Board Chairman Joe DeFeo said raising taxes would be the last option, and that he didn’t think the board would consider it until they have more information about some of the projects, although board member Harvey Eisner said he would consider an increased levy.
“I’d be in favor of a millage increase to maintain the quality of our buildings – probably 2 mills,” Eisner said. “We want to be frugal, but we also have to look at what’s best for the kids.”
The four new projects that were proposed are an addition for Aynor Middle School ($6.2 million), a new middle school for the Carolina Forest attendance area ($31 million) and additions to Seaside Elementary School ($6.2 million) and Burgess Elementary School ($4.7 million). The three amended projects would:
• add a new middle school in the Myrtle Beach attendance area instead of a new intermediate school, moving the intermediate school into the existing middle school building ($33.5 million)
• add a new middle school in the St. James attendance area instead of building a new intermediate school ($27.5 million)
• add a new middle school in the Socastee attendance area instead of building an addition for Forestbrook Middle School ($27.5 million).
John Gardner, HCS executive director of accounting services, said the district has a good bond rating and can borrow $160 million without holding a referendum. The board does have some options for using money from its undesignated, unreserved fund balance, which Gardner estimated will be about $16 million, but he said using the fund balance could impact interest rates.
The five funding scenarios for the proposed $326 million plan are:
• pay-as-you-go option, no increase of the 10 mill property tax rate. The district would use current revenue. The district would have about $239 million available from total annual funding, but would be about $87.5 million short of the $326 million needed.
• issue 8 percent bonds, no tax hike. The district would have $265 million available and a shortfall of $61 million.
• issue 8 percent bonds, raise property tax to 12 mills. Available funds would be at $309 million, with a shortfall of $17.4 million.
• issue 8 percent bonds, raise property tax to 14 mills.

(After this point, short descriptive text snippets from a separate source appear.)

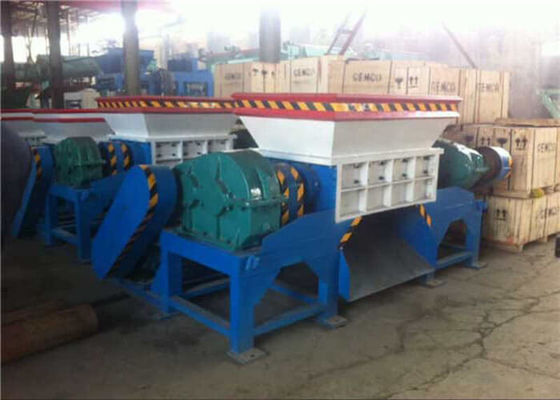 चीन लंबे जीवनकाल के साथ औद्योगिक अपशिष्ट ट्री क्रशिंग मशीन लकड़ी फूस की कतरन आपूर्तिकर्ता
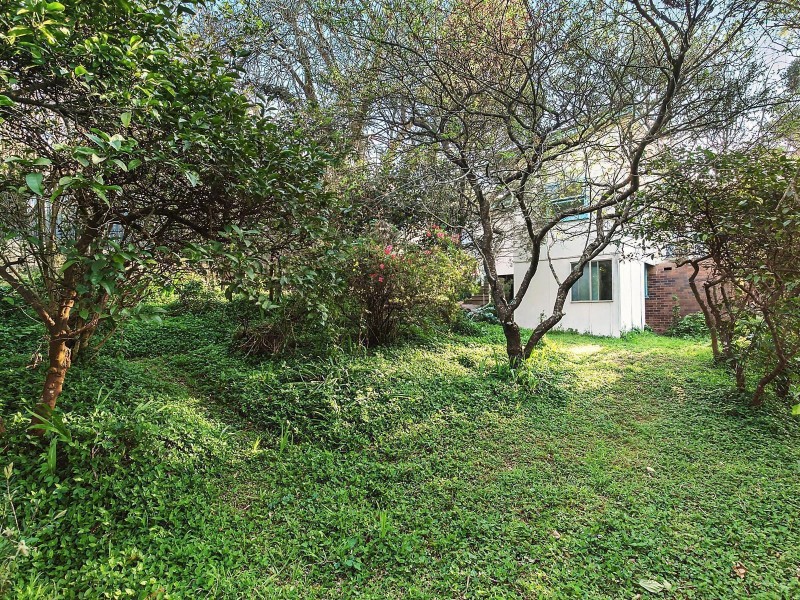 8 Northumberland Avenue, Mount Colah NSW 2079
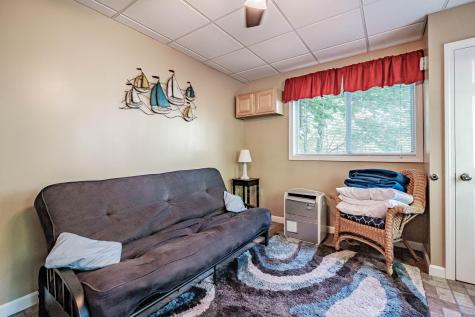 31 Bentwood Street Naples ME 04055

Available funds would be at $351 million, and there would be a surplus of $25 million at the end of six years, which Gardner said would put the district in a better position for the following five years.
• issue referendum bonds, no tax increase. The district would have $337 million in available funds and an overage of $11 million. Gardner said this plan is not recommended because the debt structure would require future school boards to increase millage to retire the principal at a normalized pace.
“To me, it looks like we’re going to have to consider pulling out funding from our reserves or utilizing 8 percent bonds, and it looks like we’d almost have to increase our mills in some fashion,” said Vice Chairman Neil James, who had to leave the meeting early and missed part of the presentation. “We’re going to have to consider all things, and I believe this is a conservative board.”
James said capacity and programs will have to be considered because while some schools show capacity peaks in some years, they also eventually level off. He and other board members said there may be other options at some of these schools that can get them through those peak years without additional building, and there was some discussion of looking at which programs are really working and at space management at some schools.
No votes were taken at the meeting, but there was consensus for moving forward with four projects that have been approved: additions to Midland Elementary School and North Myrtle Beach Middle School and replacement schools for Socastee Elementary School and the Horry County Education Center. Matt Dean, the district’s executive director of facilities, said the district is moving forward on designs for elementary and intermediate/ middle schools, which will be able to work for any project that has been discussed.
The board will talk again about the short-term capital plan at its next meeting Monday night.